Addressing Americans displeased by our election results, the British-Russian writer Nikolai Tolstoy suggested in the New York Times that maybe it is time for America to consider a (constitutional) monarchy – a very stable form of government, perhaps more so than a republic. Americans “have only to direct their gaze toward their northern neighbor to find…contented Canada…,” he opined.
A King, Anyone?
But alas, these United States have a sour history with kings, going back to George III of “Tea Party” days. So severe was the early-American allergy to kings, that our fledgling Episcopal Church (the Church of England in the U.S.) removed all trappings of royalty from its own bishops, and left them with relatively little power in the church hierarchy. (Much of the power was devolved to the people in congregations, who were given the vote to elect their own clergy leaders.)

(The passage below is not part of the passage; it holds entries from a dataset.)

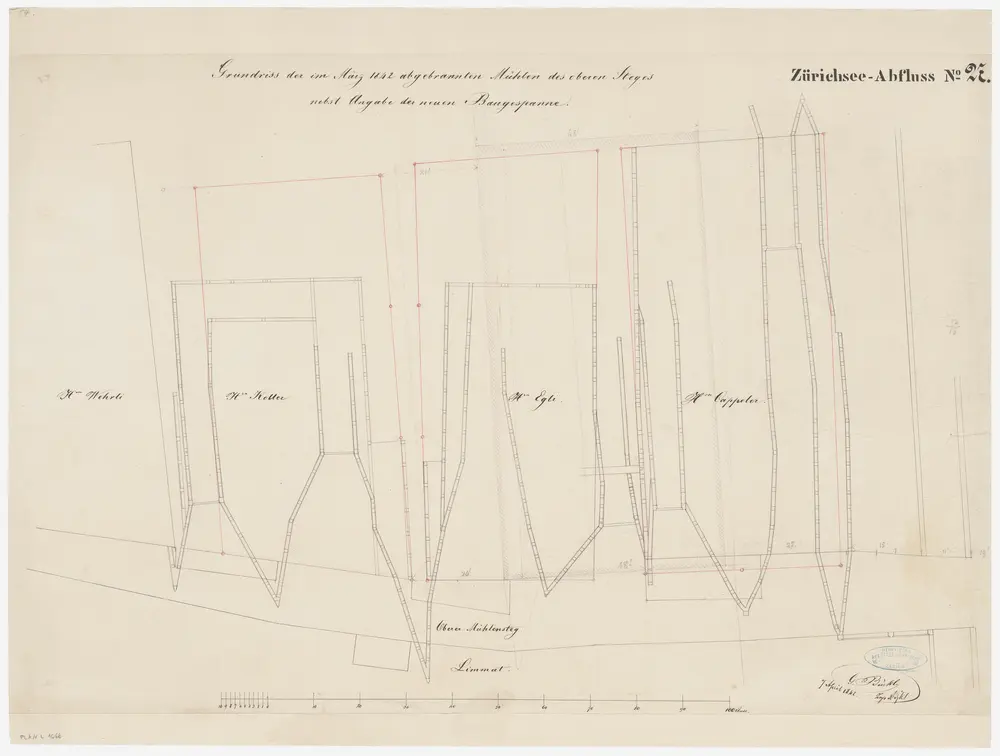 Zürich: Oberer Mühlesteg, im März 1842 abgebrannte Mühlen sowie neue Baugespanne; Situationsplan und Grundriss (Zürichsee-Abfluss Nr. 27)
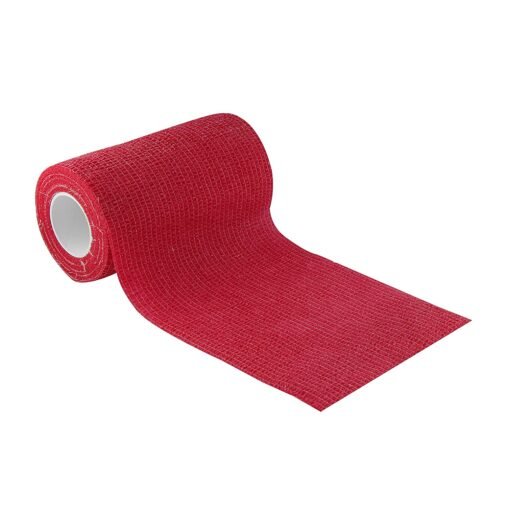 Cohesive Crepe Bandage Red (Pack of 2) Elastic Self Adhesive (10 cm X 4.5 mtr) - Image 3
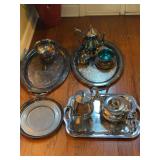 Grouping of various silver plate items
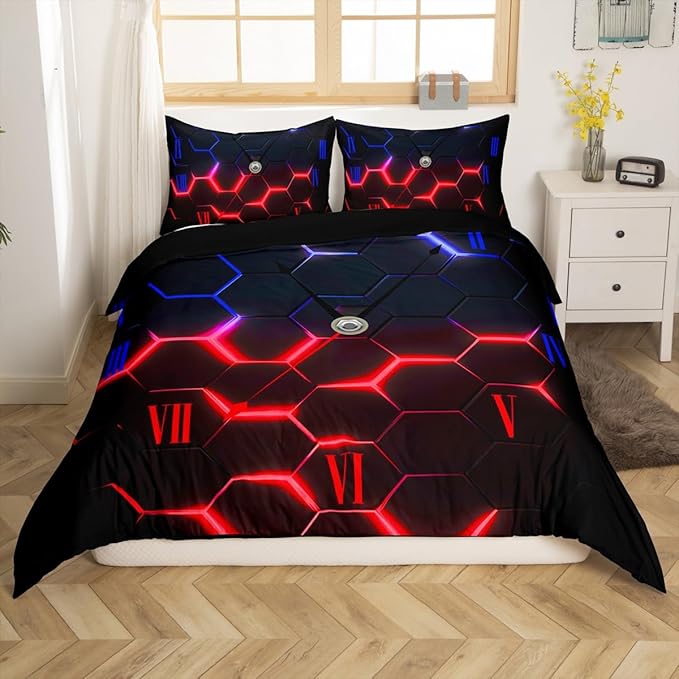 Castle Fairy Honeycomb Bedding Set Queen Size,Red and Blue Hexagon Geometric Duvet Cover Set for Children Present, Abstract Clock Comforter Cover with 2 Pillowcases Polyester Bedspread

Our own bishop, Mariann Edgar Budde, presides ceremonially over the great Washington National Cathedral and a diocese of 88 congregations. She chairs the Cathedral Foundation, which governs the Cathedral and its several schools and institutions. She has great responsibility. Yet her authority flows not downward from an archbishop (much less a pope), but upward from the churchmembers in our diocese. It is an unwieldy system, as, I suppose, most democracies are. Bp. Budde uses her authority as a teacher and prophet with great care and skill. I hope you all receive and read her communications through the diocesan newsletter and website www.EDOW.org. If you are not already subscribed, you may do so here.
This Sunday is Christ the King Sunday – the last in the church year. We all love singing the great coronation hymns: ‘Crown him Lord of all!’ But Jesus is the most unlikely king you’ll find. He has no use for trappings, he covets no political power. And yet he seeks to rule in the hearts of all of us follow him. Some might say, judging from his followers, that Jesus is a poor – or at least ineffective – king. We Christians are a motley bunch, lacking in many virtues, subject to grievous faults. Like an Episcopal bishop, Jesus is a king who rules through persuasion, gentle leading, and sacrificial love. In this, Jesus is a master. We, as his subjects, are the ones lacking in devotion, in courage, and in compassion, to follow him.
But I think it’s good to sing those glorious coronation choruses to remind ourselves that, whatever happens here on earth, one thing never changes: Jesus is the true king, ruling through the greatest power there is, the power of love. Never forget that. It’s a lifetime project for us, his people, to become his worthy subjects.